WORK ITEM
Give again every line from the one with "Miou Muse Light Blue Washed Gauze Midi Dress" through the last line of the data, exactly, and leave out the lines before it.

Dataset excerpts

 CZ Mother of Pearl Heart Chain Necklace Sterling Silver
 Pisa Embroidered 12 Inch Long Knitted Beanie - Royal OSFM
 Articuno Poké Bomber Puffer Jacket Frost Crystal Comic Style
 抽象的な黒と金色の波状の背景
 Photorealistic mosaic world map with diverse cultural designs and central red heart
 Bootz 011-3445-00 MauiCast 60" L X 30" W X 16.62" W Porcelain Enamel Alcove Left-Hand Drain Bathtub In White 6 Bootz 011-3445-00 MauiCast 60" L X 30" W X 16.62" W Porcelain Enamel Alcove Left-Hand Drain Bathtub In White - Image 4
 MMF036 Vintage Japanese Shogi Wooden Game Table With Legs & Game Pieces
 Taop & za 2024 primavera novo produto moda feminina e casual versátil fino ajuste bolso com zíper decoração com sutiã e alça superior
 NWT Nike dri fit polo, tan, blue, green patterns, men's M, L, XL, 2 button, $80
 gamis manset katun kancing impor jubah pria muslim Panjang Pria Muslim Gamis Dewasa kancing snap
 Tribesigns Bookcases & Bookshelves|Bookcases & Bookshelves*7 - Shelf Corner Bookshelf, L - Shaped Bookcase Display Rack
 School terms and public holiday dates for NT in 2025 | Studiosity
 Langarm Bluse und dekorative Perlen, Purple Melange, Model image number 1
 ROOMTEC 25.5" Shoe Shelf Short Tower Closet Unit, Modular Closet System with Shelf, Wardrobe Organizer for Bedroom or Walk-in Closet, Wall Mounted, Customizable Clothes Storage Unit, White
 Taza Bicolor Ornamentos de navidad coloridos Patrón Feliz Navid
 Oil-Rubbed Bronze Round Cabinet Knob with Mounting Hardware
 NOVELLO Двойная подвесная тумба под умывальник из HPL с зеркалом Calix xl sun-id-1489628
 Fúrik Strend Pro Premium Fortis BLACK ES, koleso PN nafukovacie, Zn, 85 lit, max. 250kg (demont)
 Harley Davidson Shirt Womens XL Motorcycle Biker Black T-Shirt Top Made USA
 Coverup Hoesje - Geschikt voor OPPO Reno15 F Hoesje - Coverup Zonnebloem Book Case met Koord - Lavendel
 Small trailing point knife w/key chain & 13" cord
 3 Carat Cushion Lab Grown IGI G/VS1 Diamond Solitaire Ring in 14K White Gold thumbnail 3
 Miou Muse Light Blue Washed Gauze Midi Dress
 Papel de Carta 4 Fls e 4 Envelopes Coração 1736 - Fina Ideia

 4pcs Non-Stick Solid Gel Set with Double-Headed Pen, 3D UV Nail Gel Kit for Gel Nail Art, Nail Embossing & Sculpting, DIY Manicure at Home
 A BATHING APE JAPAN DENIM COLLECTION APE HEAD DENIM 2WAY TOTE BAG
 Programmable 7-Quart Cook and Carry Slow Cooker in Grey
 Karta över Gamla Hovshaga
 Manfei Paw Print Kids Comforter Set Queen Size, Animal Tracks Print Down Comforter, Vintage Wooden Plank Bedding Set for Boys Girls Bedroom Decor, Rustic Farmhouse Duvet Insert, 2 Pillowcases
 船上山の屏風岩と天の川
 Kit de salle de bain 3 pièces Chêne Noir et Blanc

OUTPUT OF THE EXERCISE
 Miou Muse Light Blue Washed Gauze Midi Dress
 Papel de Carta 4 Fls e 4 Envelopes Coração 1736 - Fina Ideia

 4pcs Non-Stick Solid Gel Set with Double-Headed Pen, 3D UV Nail Gel Kit for Gel Nail Art, Nail Embossing & Sculpting, DIY Manicure at Home
 A BATHING APE JAPAN DENIM COLLECTION APE HEAD DENIM 2WAY TOTE BAG
 Programmable 7-Quart Cook and Carry Slow Cooker in Grey
 Karta över Gamla Hovshaga
 Manfei Paw Print Kids Comforter Set Queen Size, Animal Tracks Print Down Comforter, Vintage Wooden Plank Bedding Set for Boys Girls Bedroom Decor, Rustic Farmhouse Duvet Insert, 2 Pillowcases
 船上山の屏風岩と天の川
 Kit de salle de bain 3 pièces Chêne Noir et Blanc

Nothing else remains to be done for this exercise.